→ Your instructions
Within the records that follow, restate exactly the lines from the line with "(Musume: Re:Zero OP)" down to the line with "BMW 5 G30 G31", including both. Omit the pictures.

→ Data to examine
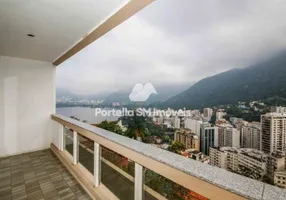 Foto 1 de Cobertura com 3 Quartos à venda, 241m² em Humaitá, Rio de Janeiro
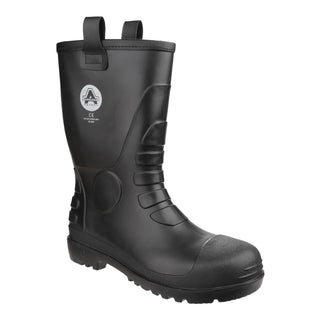 Amblers FS90 Waterproof PVC Safety Rigger Work Boots
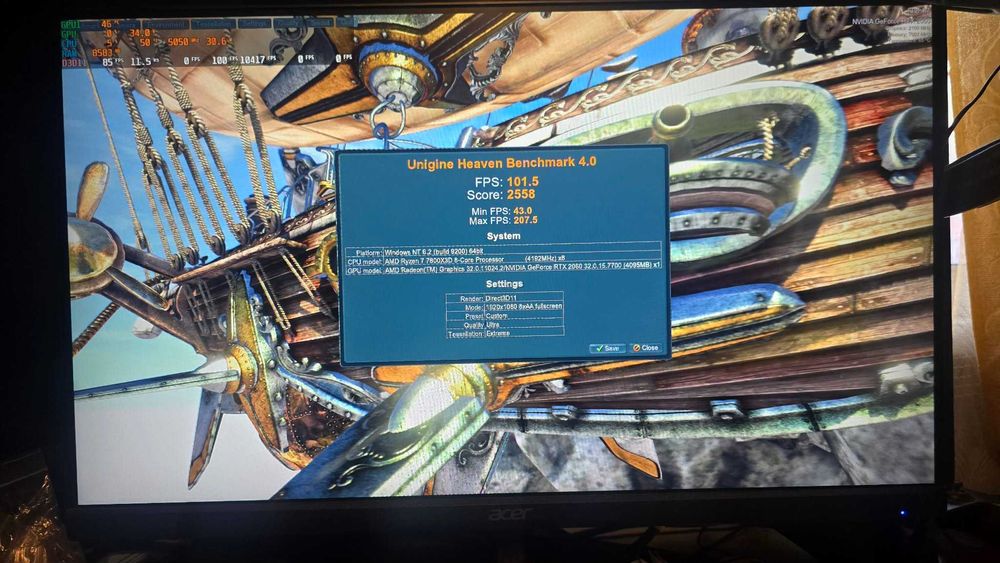 Видео карта Zotac Rtx2060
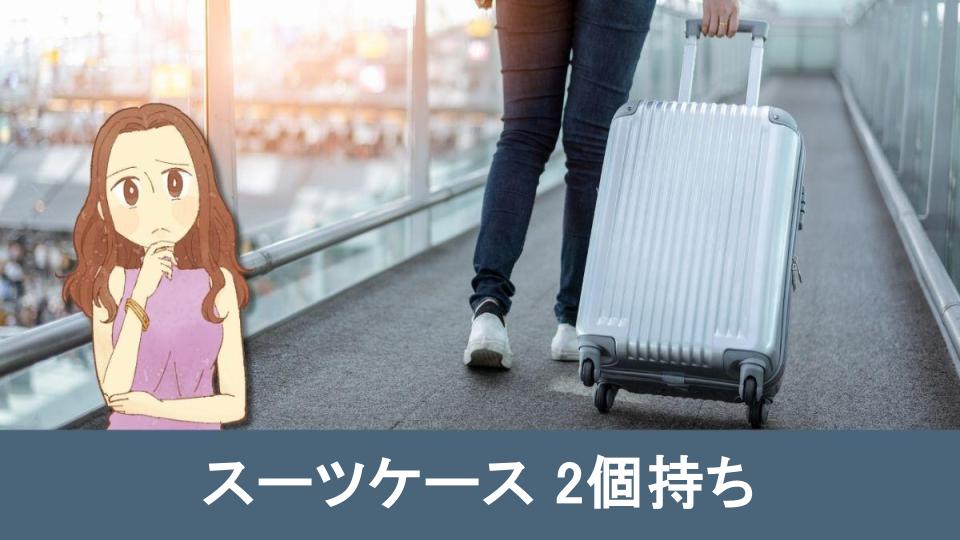 【完全ガイド】スーツケース2個持ちで旅行を快適にするコツ【まとめ】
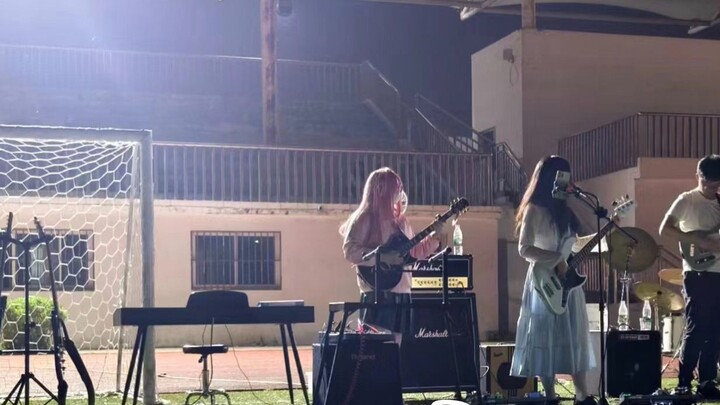 "spiral" college band cover (Musume: Re:Zero OP)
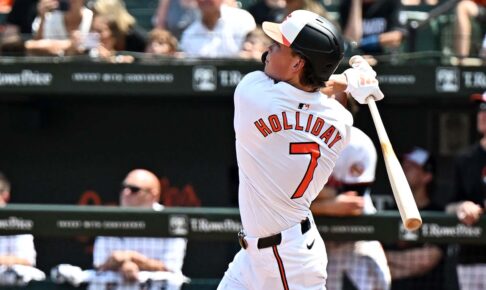 【MLB】「夢にも思わなかった」超有望株“2世選手”ホリデイ、メジャー初アーチが満塁弾　米メディア称賛「彼の自信は揺るがなかった」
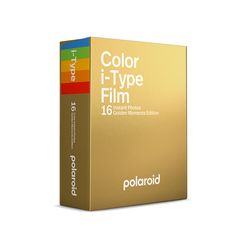 Polaroid 6034 Color film for i-Type – Golden Moments Double Pack
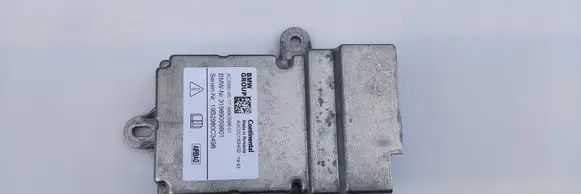 BMW 5 G30 G31 G38 Airbag control unit/module 9890598 A3C00183402 19B2980C3498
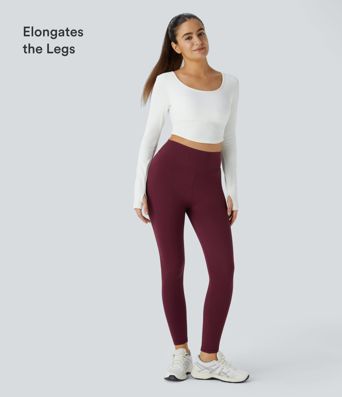 OneForm Seamless Flow High Waisted Jacquard Leggings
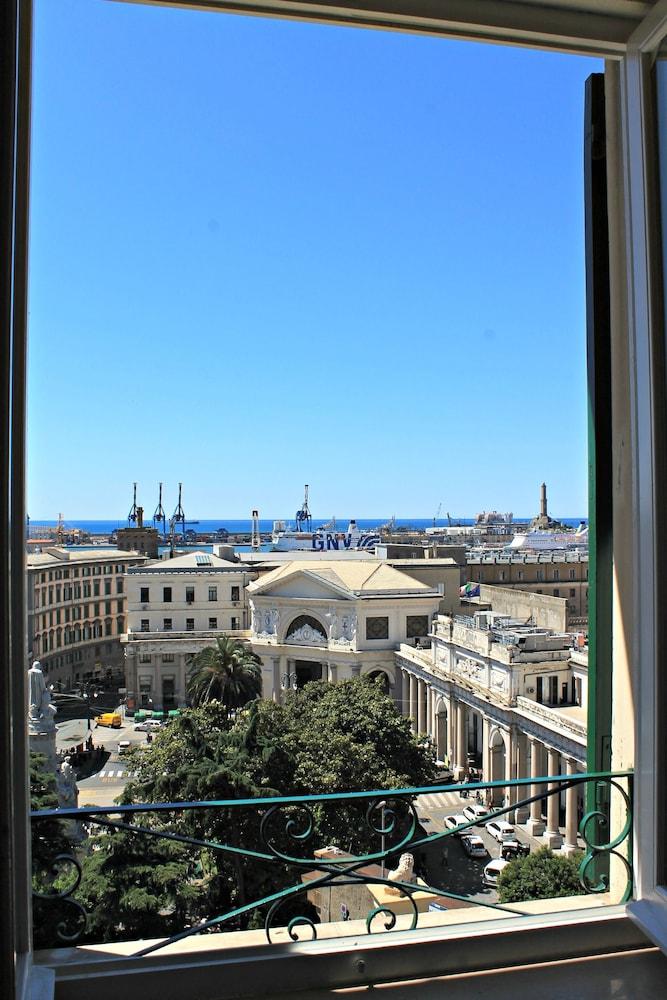 Hotel Bellevue Genova Exterior foto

→ Task response
 "spiral" college band cover (Musume: Re:Zero OP)
 【MLB】「夢にも思わなかった」超有望株“2世選手”ホリデイ、メジャー初アーチが満塁弾　米メディア称賛「彼の自信は揺るがなかった」
 Polaroid 6034 Color film for i-Type – Golden Moments Double Pack
 BMW 5 G30 G31 G38 Airbag control unit/module 9890598 A3C00183402 19B2980C3498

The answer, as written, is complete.